━━━ EXERCISE DATA

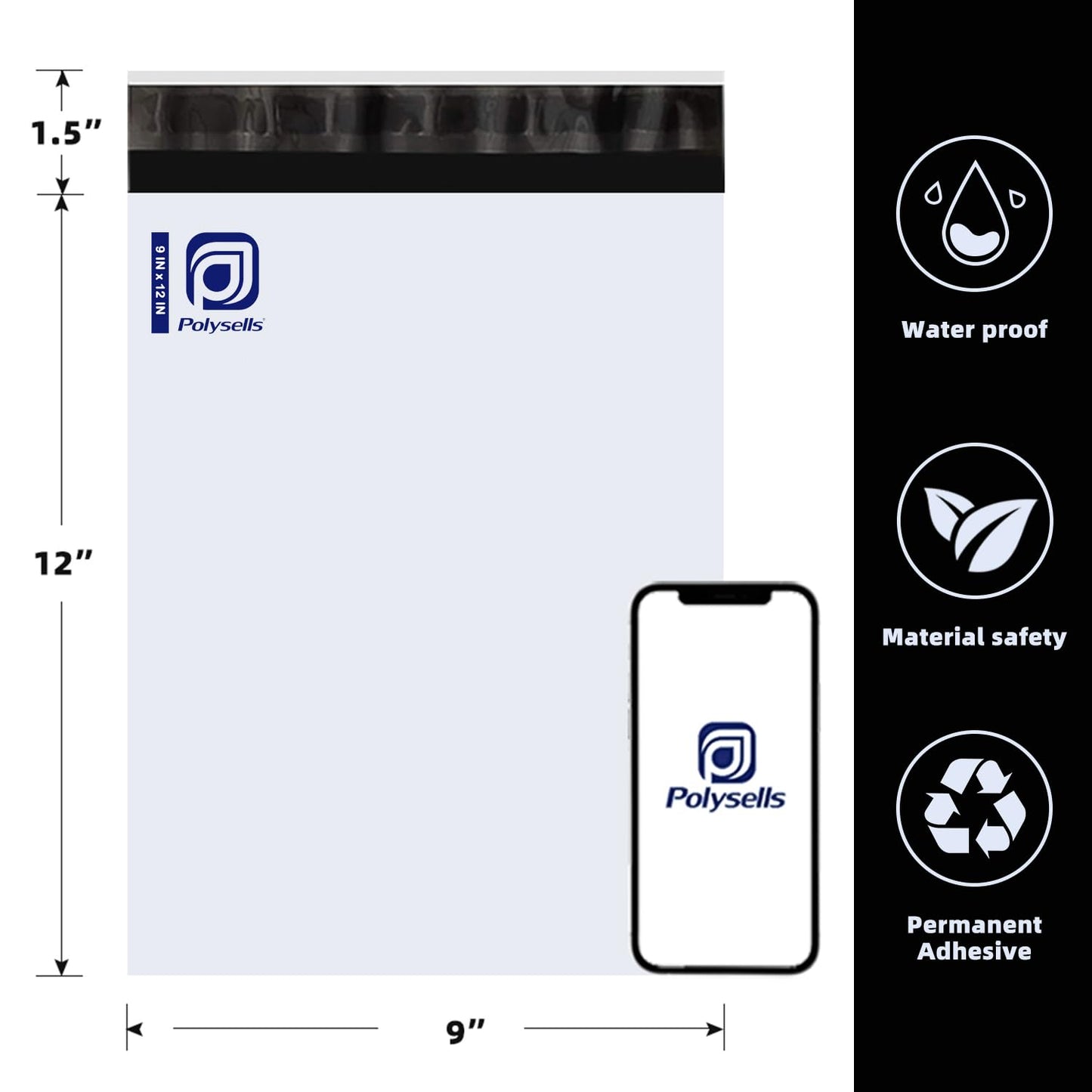 POLYSELLS 100 pack 9x12 Inch Poly Mailers Shipping Envelopes, Strong Adhesive Sealing, Waterproof, and Tear-resistant Postal Mailing Bags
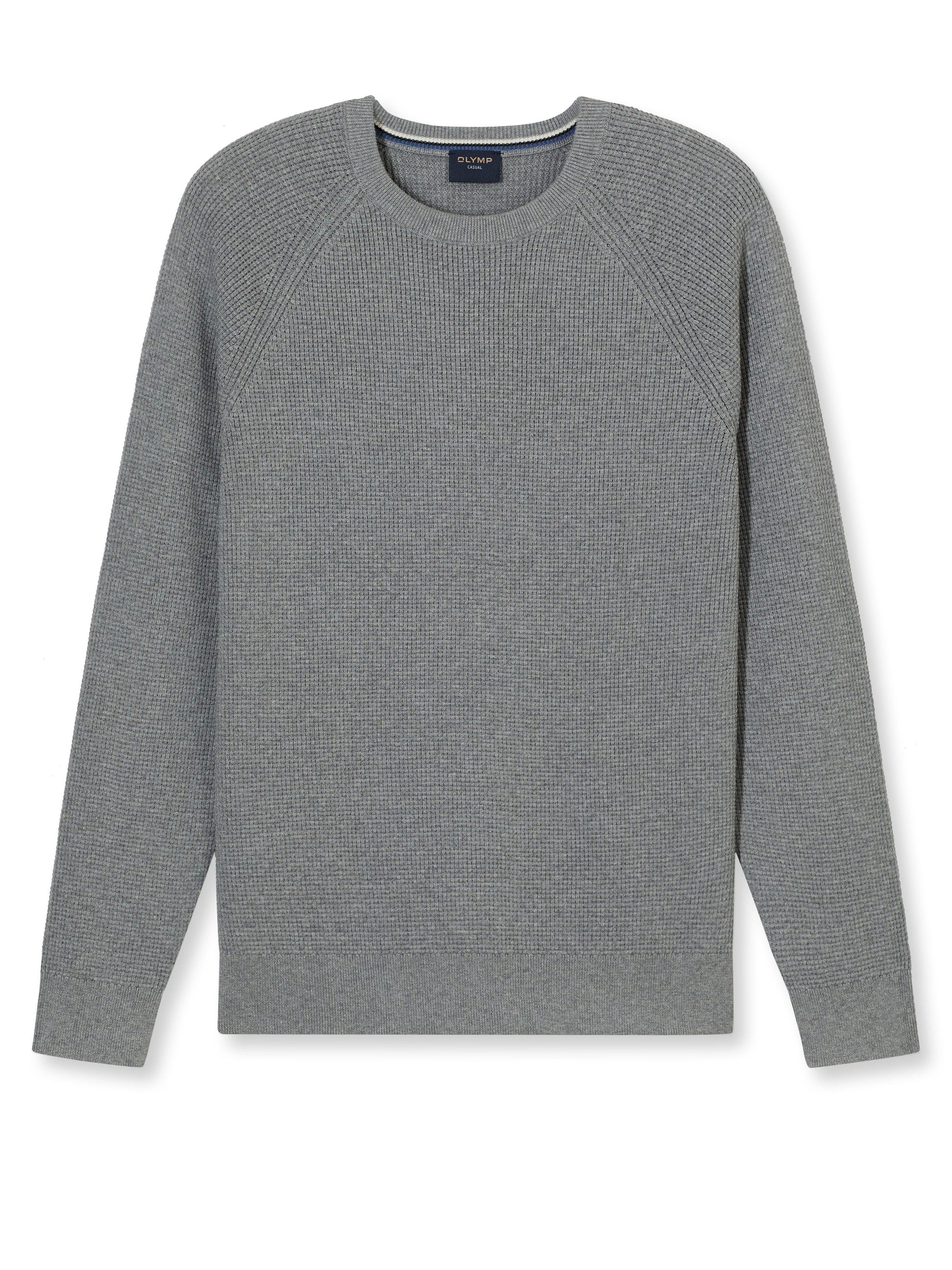 OLYMP Trui met ronde hals Waffle Structure Ronde hals, casual, effen, regular fit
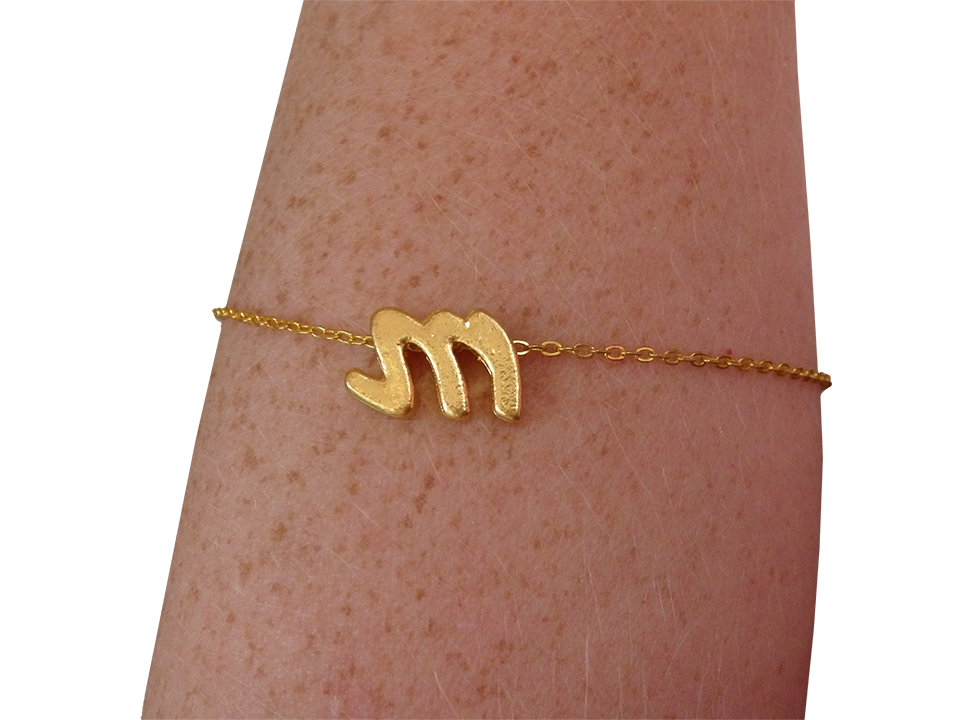 Gold Lowercase Initial Bracelet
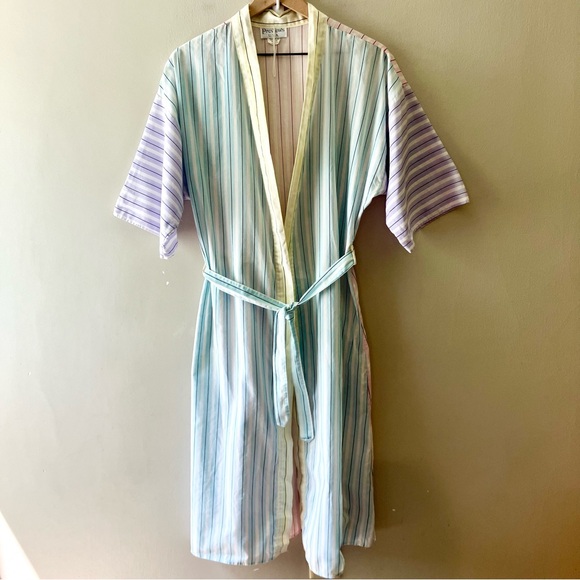 Vintage Other - VINTAGE Striped Colorblock Lightweight Robe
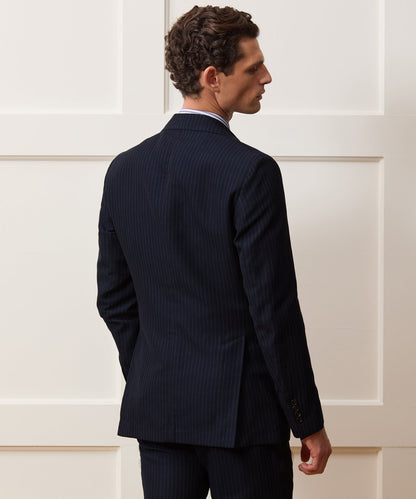 Todd Snyder Italian Cotton-Linen Pinstripe Sutton Jacket in Navy Stripe Navy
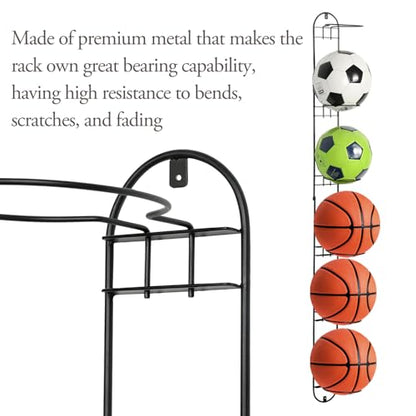 MyGift Modern Black Metal Sports Ball Storage Rack, Medicine Ball, Basketball, Soccer Ball, Volleyball Wall Holder for Gym or Garage
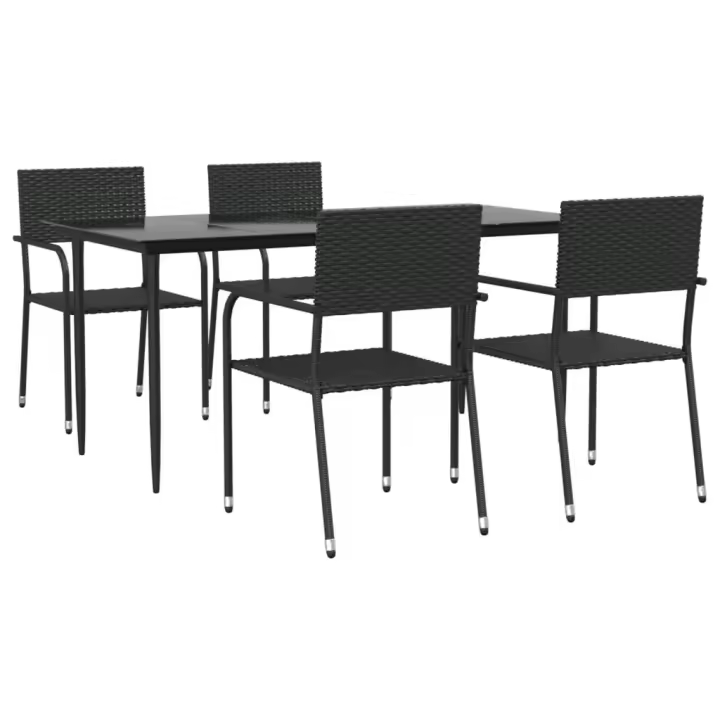 vidaXL Juego de comedor de jardín 5 pzas ratán sintético y acero negro - 1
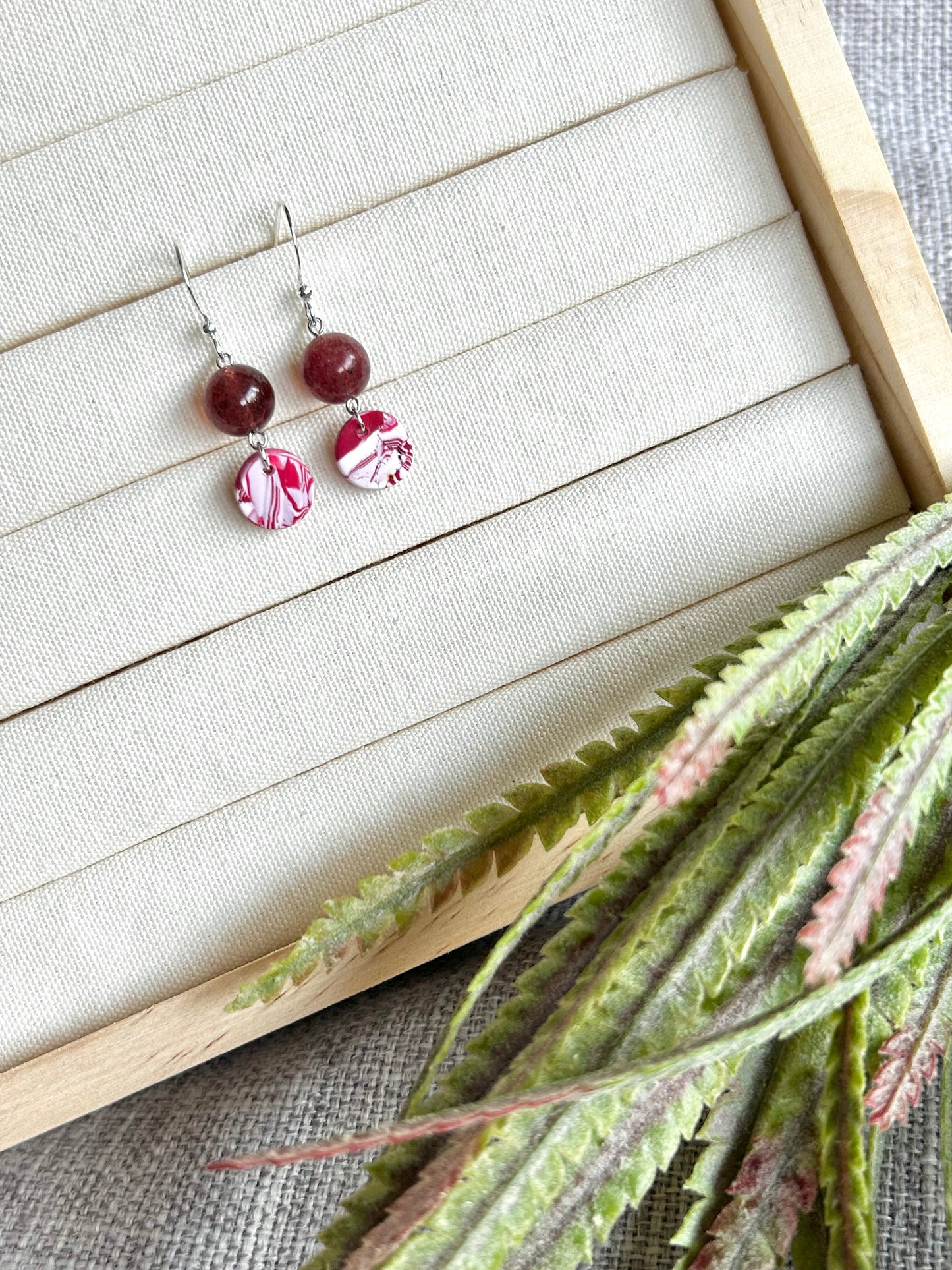 Campino Circle with Strawberry Quartz Polymer Clay Earring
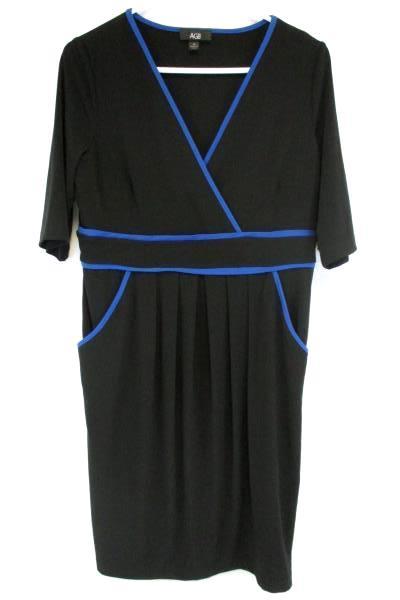 AGB Black Blue Trim Faux Wrap V Neck Dress Sheath Pleated Waist Pockets Women 12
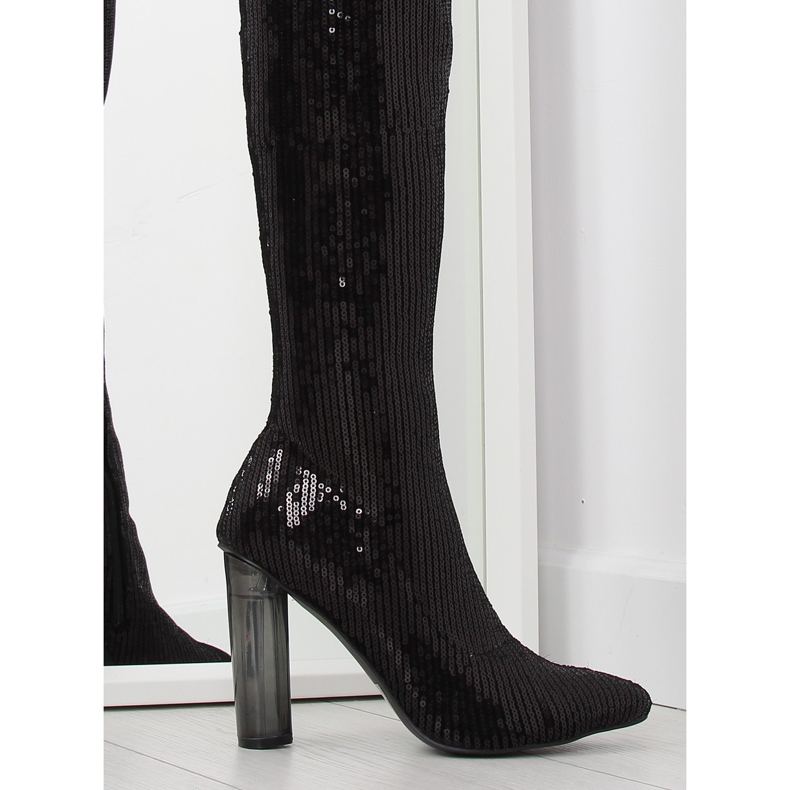 Černé flitrové stehenní kozačky AE55P černé černá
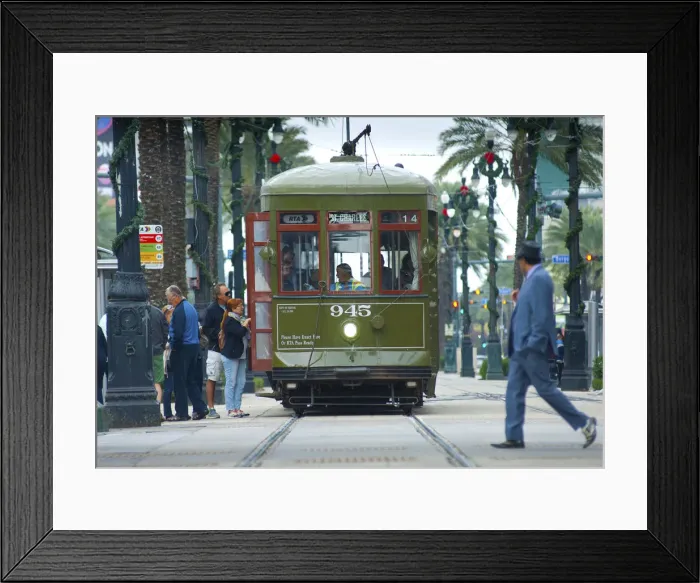 Framed Print : Louisiana, New Orleans, Canal Street, Saint Charles Streetcar, Oldest Continuously Framed Print : Louisiana, New Orleans, Canal Street, Saint Charles Streetcar, Oldest Continuously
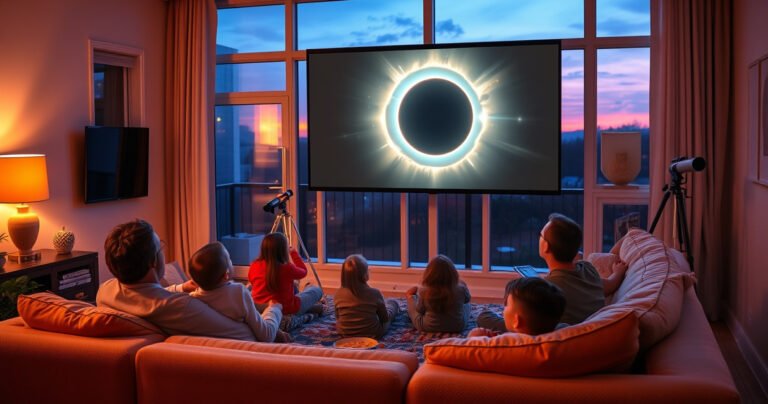 A cozy living room bathed in soft, warm light, with a large screen displaying a stunning solar eclipse. Family members gather on a plush sofa, eyes wide with wonder, snacks scattered around. Outside the window, a twilight sky hints at the celestial event, while a telescope stands ready on the balcony, capturing the magic.
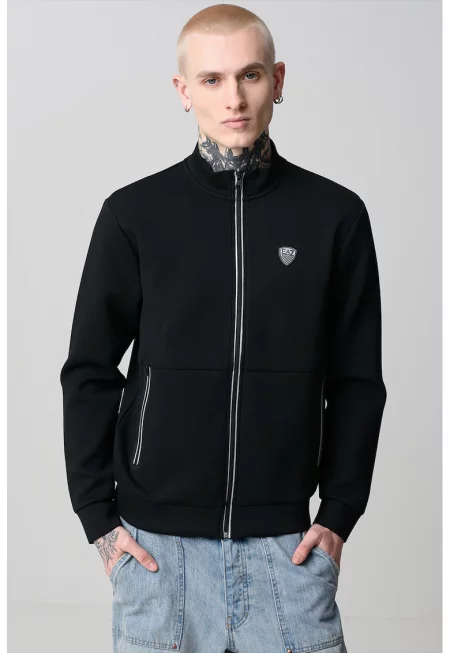 Суитшърт с цип и лого - Черен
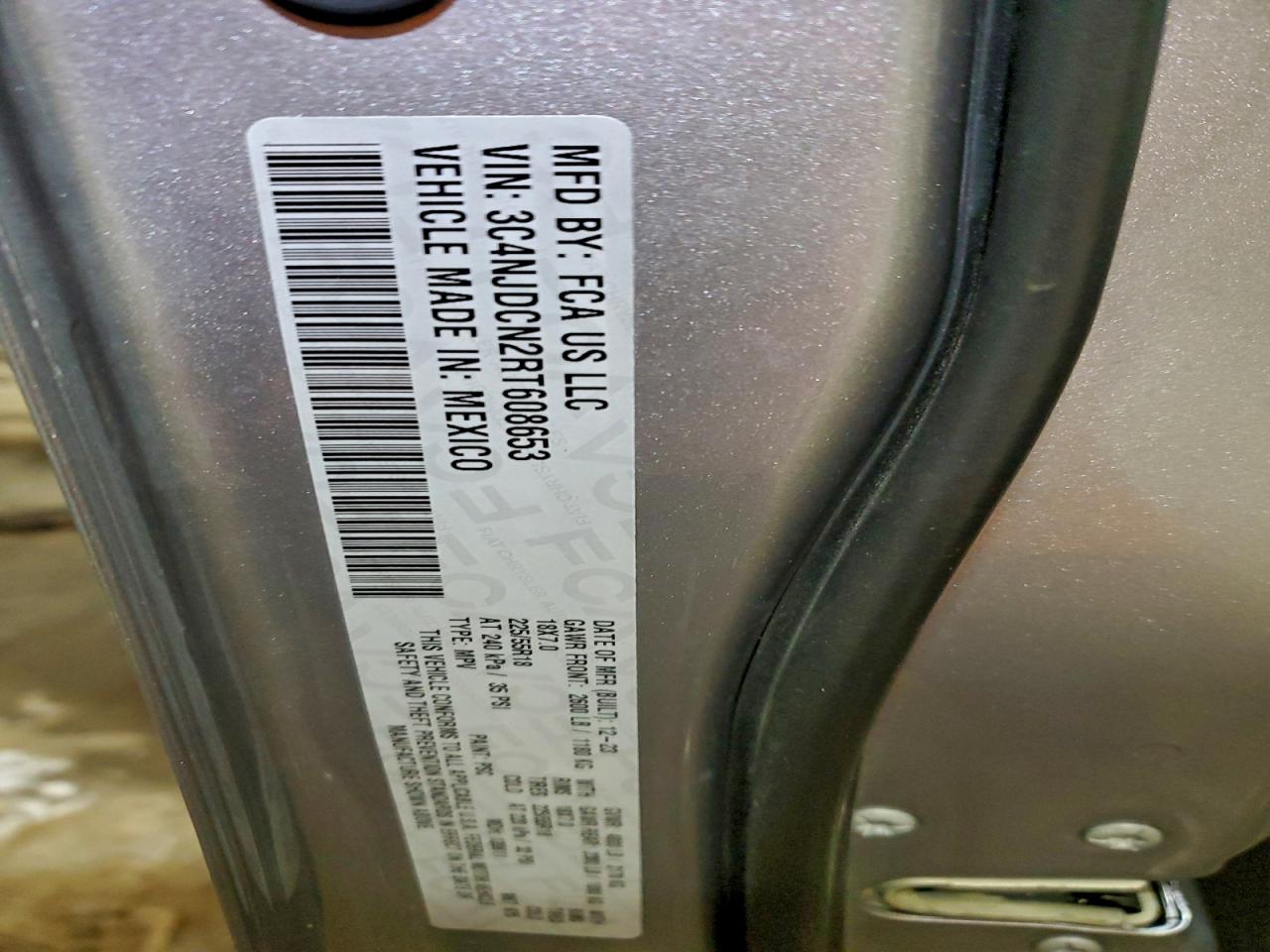 2024 Jeep Compass Limited VIN: 3C4NJDCN2RT608653 Lot: 95541315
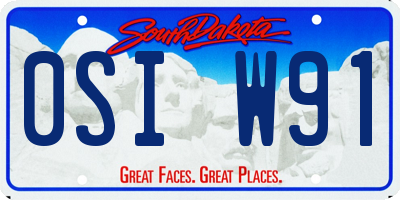 SD license plate 0SIW91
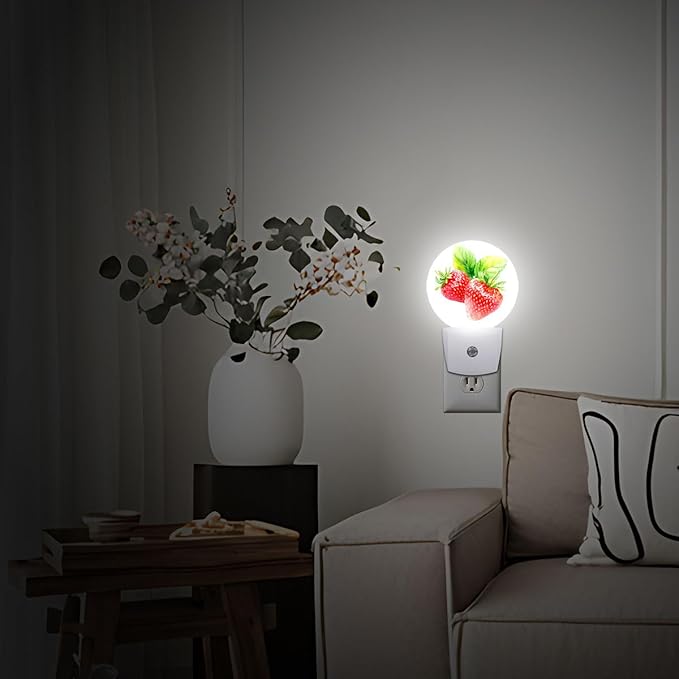 Red Strawberry Night Light Plug Into Wall Auto Led Sleep Round Lamp for Living Room Hallway Stairs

━━━━━━

WHAT TO PRODUCE: Give every entry again as it is, dropping its pictures.

EXPECTED OUTPUT:
 POLYSELLS 100 pack 9x12 Inch Poly Mailers Shipping Envelopes, Strong Adhesive Sealing, Waterproof, and Tear-resistant Postal Mailing Bags
 OLYMP Trui met ronde hals Waffle Structure Ronde hals, casual, effen, regular fit
 Gold Lowercase Initial Bracelet
 Vintage Other - VINTAGE Striped Colorblock Lightweight Robe
 Todd Snyder Italian Cotton-Linen Pinstripe Sutton Jacket in Navy Stripe Navy
 MyGift Modern Black Metal Sports Ball Storage Rack, Medicine Ball, Basketball, Soccer Ball, Volleyball Wall Holder for Gym or Garage
 vidaXL Juego de comedor de jardín 5 pzas ratán sintético y acero negro - 1
 Campino Circle with Strawberry Quartz Polymer Clay Earring
 AGB Black Blue Trim Faux Wrap V Neck Dress Sheath Pleated Waist Pockets Women 12
 Černé flitrové stehenní kozačky AE55P černé černá
 Framed Print : Louisiana, New Orleans, Canal Street, Saint Charles Streetcar, Oldest Continuously Framed Print : Louisiana, New Orleans, Canal Street, Saint Charles Streetcar, Oldest Continuously
 A cozy living room bathed in soft, warm light, with a large screen displaying a stunning solar eclipse. Family members gather on a plush sofa, eyes wide with wonder, snacks scattered around. Outside the window, a twilight sky hints at the celestial event, while a telescope stands ready on the balcony, capturing the magic.
 Суитшърт с цип и лого - Черен
 2024 Jeep Compass Limited VIN: 3C4NJDCN2RT608653 Lot: 95541315
 SD license plate 0SIW91
 Red Strawberry Night Light Plug Into Wall Auto Led Sleep Round Lamp for Living Room Hallway Stairs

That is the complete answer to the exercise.